● **Exercise details**: Transcribe the material from its first line onward, ending with the line that contains "Renault Grand Scenic" and adding nothing beyond it.

● **Data provided**:
*** Block opens ***

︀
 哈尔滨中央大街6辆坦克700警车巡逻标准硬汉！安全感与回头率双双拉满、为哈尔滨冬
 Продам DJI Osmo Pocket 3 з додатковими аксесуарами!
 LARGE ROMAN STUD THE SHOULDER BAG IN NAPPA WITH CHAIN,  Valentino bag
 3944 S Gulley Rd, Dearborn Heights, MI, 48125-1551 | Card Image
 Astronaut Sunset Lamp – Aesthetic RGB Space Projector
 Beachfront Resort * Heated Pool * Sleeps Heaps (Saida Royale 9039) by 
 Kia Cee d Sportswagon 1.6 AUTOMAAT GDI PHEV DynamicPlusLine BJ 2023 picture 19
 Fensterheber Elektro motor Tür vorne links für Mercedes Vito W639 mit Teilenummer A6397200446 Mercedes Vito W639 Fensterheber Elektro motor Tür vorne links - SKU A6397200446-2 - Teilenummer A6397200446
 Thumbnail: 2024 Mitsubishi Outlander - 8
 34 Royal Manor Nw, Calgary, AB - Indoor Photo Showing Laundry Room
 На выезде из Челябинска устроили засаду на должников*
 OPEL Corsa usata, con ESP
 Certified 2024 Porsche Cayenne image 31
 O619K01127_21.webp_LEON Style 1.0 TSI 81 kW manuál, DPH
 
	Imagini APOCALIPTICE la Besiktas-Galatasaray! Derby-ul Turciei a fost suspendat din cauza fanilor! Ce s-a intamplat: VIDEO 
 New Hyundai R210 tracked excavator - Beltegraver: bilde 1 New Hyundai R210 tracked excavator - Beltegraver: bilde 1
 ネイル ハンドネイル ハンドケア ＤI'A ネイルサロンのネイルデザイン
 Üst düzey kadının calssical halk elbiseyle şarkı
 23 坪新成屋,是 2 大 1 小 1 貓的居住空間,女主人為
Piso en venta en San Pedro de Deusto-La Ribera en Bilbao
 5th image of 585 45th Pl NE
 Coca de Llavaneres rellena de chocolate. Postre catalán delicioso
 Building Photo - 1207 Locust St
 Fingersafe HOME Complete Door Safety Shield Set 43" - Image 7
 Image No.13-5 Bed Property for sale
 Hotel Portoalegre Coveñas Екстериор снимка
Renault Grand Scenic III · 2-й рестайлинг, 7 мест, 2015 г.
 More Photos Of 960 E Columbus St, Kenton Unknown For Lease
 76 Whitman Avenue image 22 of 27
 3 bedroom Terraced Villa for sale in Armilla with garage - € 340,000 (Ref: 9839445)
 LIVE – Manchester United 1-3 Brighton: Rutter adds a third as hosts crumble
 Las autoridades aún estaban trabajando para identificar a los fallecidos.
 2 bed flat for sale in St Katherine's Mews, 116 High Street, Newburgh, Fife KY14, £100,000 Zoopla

*** Block closes ***

● **Result of this exercise**:
︀
 哈尔滨中央大街6辆坦克700警车巡逻标准硬汉！安全感与回头率双双拉满、为哈尔滨冬
 Продам DJI Osmo Pocket 3 з додатковими аксесуарами!
 LARGE ROMAN STUD THE SHOULDER BAG IN NAPPA WITH CHAIN,  Valentino bag
 3944 S Gulley Rd, Dearborn Heights, MI, 48125-1551 | Card Image
 Astronaut Sunset Lamp – Aesthetic RGB Space Projector
 Beachfront Resort * Heated Pool * Sleeps Heaps (Saida Royale 9039) by 
 Kia Cee d Sportswagon 1.6 AUTOMAAT GDI PHEV DynamicPlusLine BJ 2023 picture 19
 Fensterheber Elektro motor Tür vorne links für Mercedes Vito W639 mit Teilenummer A6397200446 Mercedes Vito W639 Fensterheber Elektro motor Tür vorne links - SKU A6397200446-2 - Teilenummer A6397200446
 Thumbnail: 2024 Mitsubishi Outlander - 8
 34 Royal Manor Nw, Calgary, AB - Indoor Photo Showing Laundry Room
 На выезде из Челябинска устроили засаду на должников*
 OPEL Corsa usata, con ESP
 Certified 2024 Porsche Cayenne image 31
 O619K01127_21.webp_LEON Style 1.0 TSI 81 kW manuál, DPH
 
	Imagini APOCALIPTICE la Besiktas-Galatasaray! Derby-ul Turciei a fost suspendat din cauza fanilor! Ce s-a intamplat: VIDEO 
 New Hyundai R210 tracked excavator - Beltegraver: bilde 1 New Hyundai R210 tracked excavator - Beltegraver: bilde 1
 ネイル ハンドネイル ハンドケア ＤI'A ネイルサロンのネイルデザイン
 Üst düzey kadının calssical halk elbiseyle şarkı
 23 坪新成屋,是 2 大 1 小 1 貓的居住空間,女主人為
Piso en venta en San Pedro de Deusto-La Ribera en Bilbao
 5th image of 585 45th Pl NE
 Coca de Llavaneres rellena de chocolate. Postre catalán delicioso
 Building Photo - 1207 Locust St
 Fingersafe HOME Complete Door Safety Shield Set 43" - Image 7
 Image No.13-5 Bed Property for sale
 Hotel Portoalegre Coveñas Екстериор снимка
Renault Grand Scenic III · 2-й рестайлинг, 7 мест, 2015 г.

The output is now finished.